Ainsi se résout la fameuse querelle entre ceux qui se font gloire plus d'inventer que de découvrir et ceux qui tiennent pour négligeable la découverte relativement à l'invention ; ainsi s'explique que l'hypothèse soit nécessaire à la découverte.
Et, de fait, il est vain d'espérer découvrir sans inventer, et au contraire il paraît souvent facile, voire morne, à celui qui a vécu les illuminations de l'invention, de conduire les expériences matérielles qui font de son invention une découverte. C'est cependant cette vérification de l'image surréelle inventée, par le signal issu de la réalité sensible, qui est l'acte crucial de la science expérimentale, et sépare radicalement la science de la rationalité.

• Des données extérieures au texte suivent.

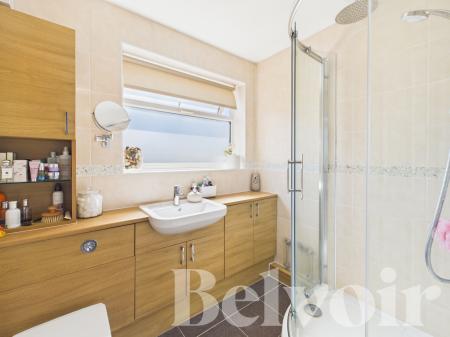 3 bedroom Terraced House for sale in Paddock Road, Basingstoke, RG22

On saisit alors la difficulté de la science expérimentale pour l'homme. Elle exige au préalable une hypothèse, c'est-à-dire une invention rationnelle. Cette invention est déjà extrêmement rare. Quand elle a lieu, elle enthousiasme le cerveau qui l'a engendrée. La plupart du temps, ce cerveau la tient pour satisfaisante, la déclare vérité et la répand comme telle par la flamme de son verbe et de sa rationalité.
Or, elle est fallacieuse plus de 999 999 fois sur 1 000 000. C'est-à-dire que l'ensemble d'informations, le modèle informatique péniblement inventé par le cerveau pour décrire le réel, ne le représente en rien. Ce n'est que dans des cas exceptionnellement rares, et qu'il faut humblement et laborieusement vérifier par les sens, que le modèle représentera le réel. APPROXIMATIVEMENT. Oui, dans ce cas si rare d'adéquation entre le surréel (produit de l'encéphale, seul concevable pour le cerveau, seul pensé et pensable) et le réel (impensable, mais seulement perceptible et seulement en certains de ses facteurs), la réussite ne sera qu'approximative. C'est-à-dire que si la concordance entre le signal issu du réel et l'attente qu'en a fait naître le modèle, a paru suffisamment bonne pour introduire l'hypothèse dans la liste des découvertes, l'humanité (ce n'est pas en général l'inventeur lui-même) constatera presque toujours, dans les mois, les années ou les siècles à venir, que le réel ne se laisse que mal représenter par ce modèle (cependant précieux, cependant valable, cependant efficace), mais que d'autres modèles, plus complexes, plus étranges, plus éloignés de la spontanéité de notre néocéphale, sont nécessaires pour nous permettre de nous représenter un peu moins mal le réel[1]. Ces faits expliquent la difficulté, la lenteur de l'édification par l’humanité de la science expérimentale, ses insuffisances, ses erreurs. Mais ils n’ont pas moins de conséquence à l'échelle de l'homme moyen et pour sa vie quotidienne.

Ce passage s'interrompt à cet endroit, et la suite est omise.